Recognize files Version 2 (Net)
Description
Extracting text from a file using Robin OCR service with Soica
Action icon
Параметры
Входные параметры
URL Host address
Логин Login for authorization
Пароль Password for authorization
Класс пакета Package class for recognition
Файл Path to file for recognition
Тип результата Format of result data
Профиль распознавания Profile for recognition
Тайм-аут Time-out is set in milliseconds to determine execution time of action
Выходные параметры
Результат Result of recognition in json/xml format
Статус Status of package
Settings
Property | Description | Type | Filling example | Mandatory field |
---|---|---|---|---|
Parameters | ||||
Url | Host address | Robin.String | Yes | |
Login | Login for authorization | Robin.String | Yes | |
Password | Password for authorization | Robin.Password | Yes | |
Package class | Package class for recognition | Robin.String | Yes | |
File | Path to file for recognition. Support exstensions: JPEG, PDF, TIFF, BMP, PNG, DOCX, GIF | Robin.FilePath | Yes | |
Result type | Format of result data Выпадающий список из элементов: XML, JSON Значение по умолчанию: XML | Robin.String | No | |
Recognition profile | Profile for recognition Профили создаются в самой Сойке и пользователь заранее знает, какой необходимо выбрать. Значение по умолчанию задается системой при создании класса пакетов и называется default | Robin.String | No | |
Timeout | Time-out is set in milliseconds to determine execution time of action | Robin.Numeric | No | |
Results | ||||
Status | Статус распознавания документа | Robin.String | ||
Result | Коллекция json-объектов или xml-контекстов, содержащих распознанные данные. Если истек указанный тайм-аут, а сервис не закончил распознавание, этот параметр вернется пустым. Если распознание документа еще в процессе, то результат не заполнен. | Robin.Collection |
Special conditions of use
General principles of working with ROBIN OCR:
To send a document for recognition, at least 2 requests must be made. First, a request to create a package is sent, the only image of the package or the first image of the package is passed to the request. The request returns the GUID of the package. If there are several images in the package, then in subsequent requests these images are added to the package (one by one). The final request is to launch the package for processing. The GUID of the created package is passed to the second and subsequent requests.
The format of the result is customized in advance, in the scenario.
The user will receive the result as a collection of json objects or xml-contexts. You can work with the obtained results by studio actions.
The list of package classes the user must know before launching the action.
Package classes will be configured in the system by the engineer, you need to select a class suitable for image processing. Package class name is the name of the customized project. Package class name must be specified when creating a package (mandatory). Package name must be specified in the request.

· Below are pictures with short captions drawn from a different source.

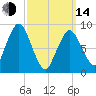 Tide chart for Chelsea Creek, Boston, Boston Harbor, Massachusetts on 2023/03/14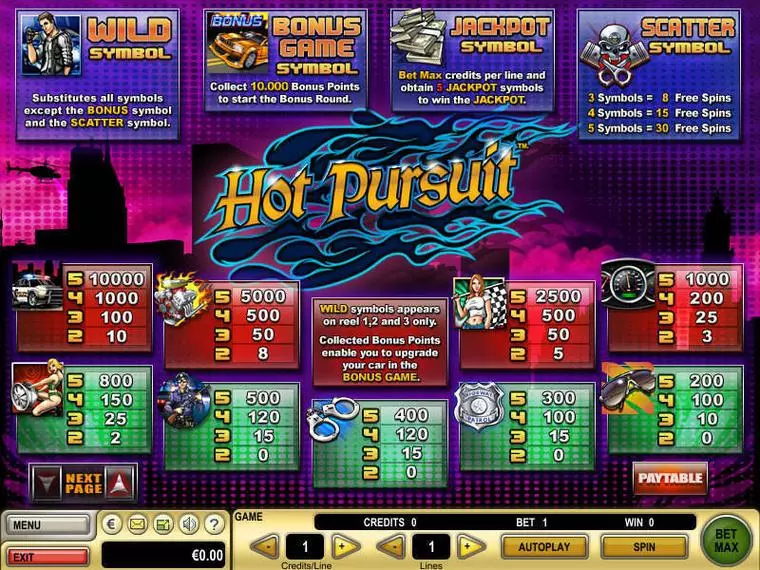 Info and Rules at Hot Pursuit 5 Reel Mobile Real Slot created by GTECH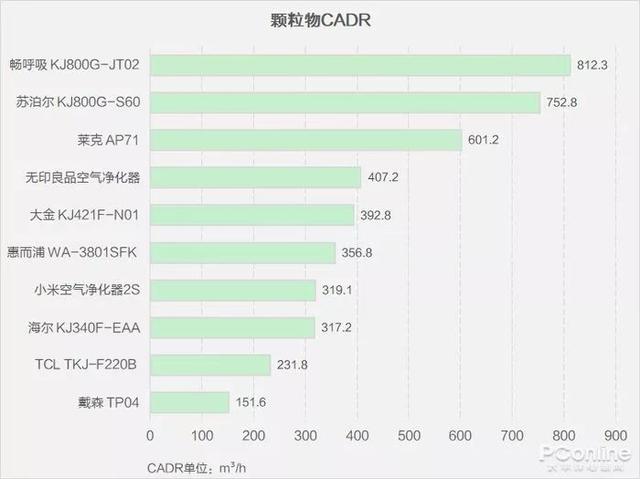 戴森翻車、MUJI 超標(biāo)，10臺(tái)空氣凈化器大橫評(píng)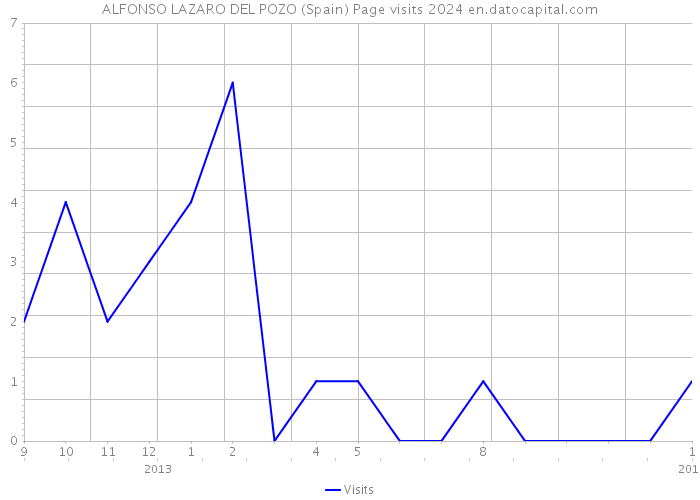 ALFONSO LAZARO DEL POZO (Spain) Page visits 2024 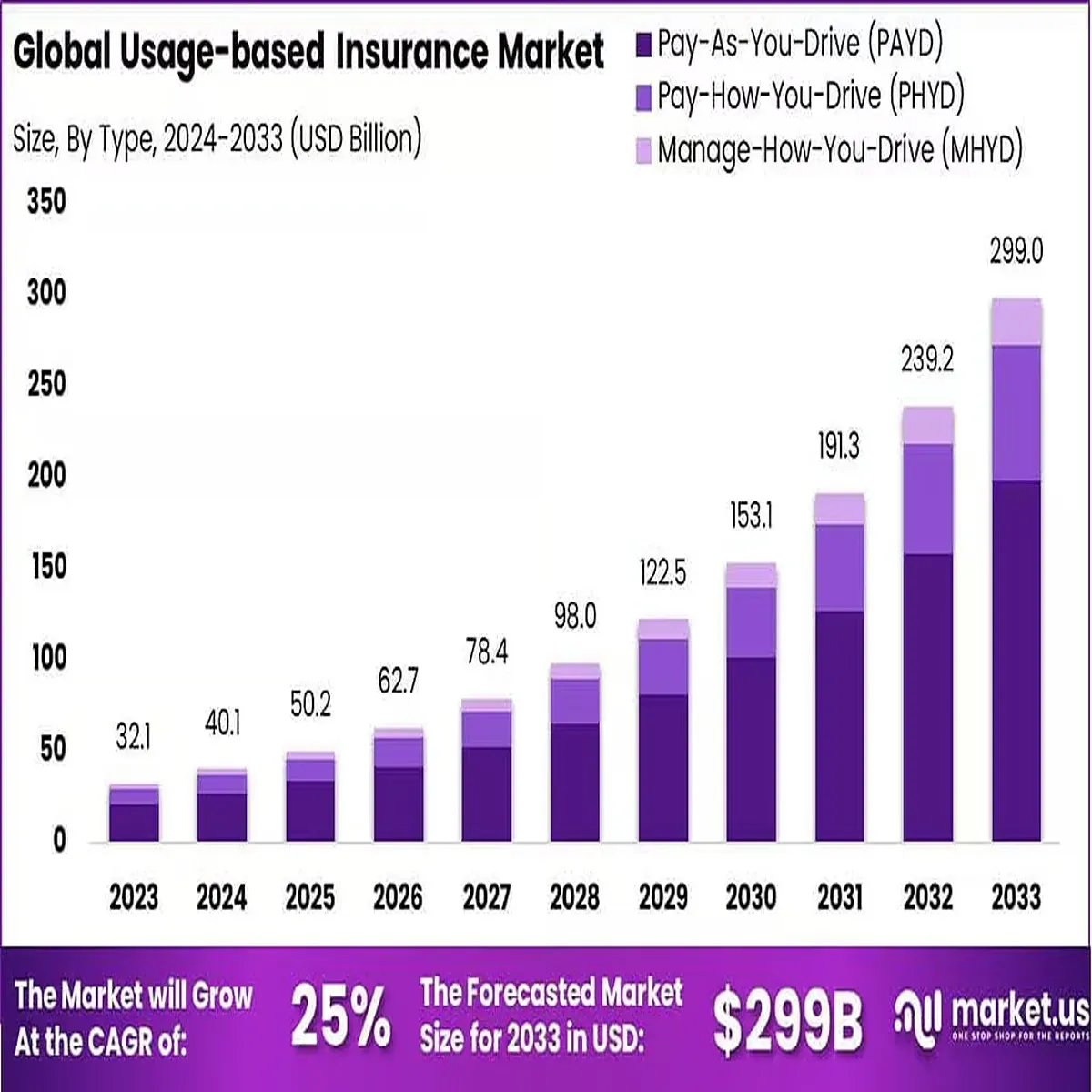 Insurance Industry Faces Rising Costs Consumers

When the robot completes with an error, the cause of the error will be displayed in the error text.
If the status of the document is not "export", the robot will not be able to get the result and will skip the document. The user himself will have to move the document to the "export" status on the server. It is necessary to validate the file manually and send it for export by making and accepting changes in it.
Statuses:
- import => pending status change;
- recognize =>pending status change;
- validation=> manually change status in the Soica system;
- export => ready for unloading;
- deleted - package was deleted ;
- inaccessible - package unavailable;
- quality control - if the user sent in the wrong scenario, manually change the status in the Soica system.
- If the timeout expires before we get the recognized text an empty result will be obtained, the action will not terminate with an error.
Действие отправляет на проверку документы и сразу получает результаты:
- rest-сервис экспорта отвечает за получение результата;
- json или xml результат будет. Это настраивается внутри сценария обработки пакета в Сойке;
- В действии надо вернуть не строку, а json-объект или сразу xml-контекст. Xml контекст нужно закрывать, Json не надо;
- Документ предварительно должен быть выгружен модулем экспорта;
- Действие должно ожидать пока статус документа станет "export". Тогда только запускать получение результата.
Example of use
Task
Recognize text in a document.
Solution
Use the "Recognize files" action.
Implementation
- Set the "Recognize" action to the workspace.
Set the action parameters with the correct data.
- Launch the robot using the "Start" button in the top panel.
Result
The robot returned the processed files. The result is represented as a collection with json objects or xml contexts. Export status.